Bernanke hastened to explain the government’s position: “What we had in mind here was the protection of the American financial system and the protection of the American economy. I believe that if the American people understand that we were trying to protect the economy and not to protect anybody on Wall Street, they would better appreciate why we took the action we did.”
Then came the question Steel had prepped for: Had it been the Treasury secretary who determined the $2-a-share price?
“Well, sir, the secretary of the Treasury and other members of Treasury were active participants during this ninety-six hours, as you describe,” he replied. “There were lots of discussions back and forth.
“Also, in any combination of this type, there are multiple terms and conditions. I think the perspective of Treasury was really twofold. One was the idea that Chairman Bernanke suggested: that a combination into safe hands would be constructive for the overall marketplace; and, number two, since there were federal funds or the government’s money involved, that that be taken into account. And Secretary Paulson offered perspective on that.
“There was a view that the pricve should not be very high or should be toward the low end and that it should be—given the government’s involvement, that that was the perspective.
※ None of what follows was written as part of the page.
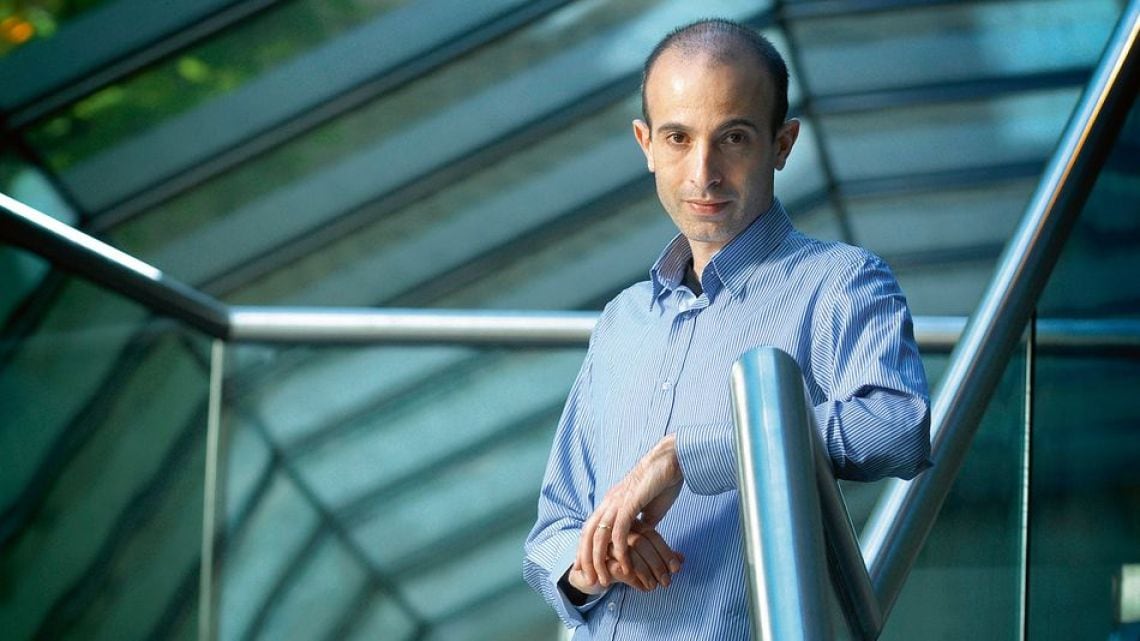 La advertencia de Harari sobre la inteligencia artificial: quién decidirá el destino de nuestro dinero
But with regard to the specifics, the actual deal was negotiated—transaction was negotiated between the Federal Reserve Bank of New York and the two parties.”
For the most part, the Fed, the Treasury, and the SEC held their own against the Banking Committee’s interrogation. But they did so largely by defending the Bear bailout as a once-in-a-lifetime act of extreme desperation, not as the expression of a nascent policy. Under the circumstances, it was a reasonable response to a run on a very large bank whose demise would disrupt the entire financial system.
Those circumstances, Geithner told the committee, were not unlike those of 1907, or the Great Depression, and he went on to draw a straight line between panic on Wall Street and the economic health of the country: “Absent a forceful policy response, the consequences would be lower incomes for working families; higher borrowing costs for housing, education, and the expenses of everyday life; lower value of retirement savings; and rising unemployment.”
So they’d done what they had to do for the good of the entire country, if not the world, as Steel explained. And thanks to their efforts, he confidently told the lawmakers, the hole in the dike had been plugged.
Jamie Dimon was searching for a metaphor.
As he sat in a conference room down the hall from Senator Charles Schumer’s office watching the morning’s proceedings on C-SPAN, he strategized with his communications chief and trusted confidant, Joseph Evangelisti. How could he best account for the low price he had paid for Bear without looking as if he had been given a gift, courtesy of taxpayers?
“The average person has to understand that we took a huge risk,” Evangelisti instructed him as they reviewed various approaches.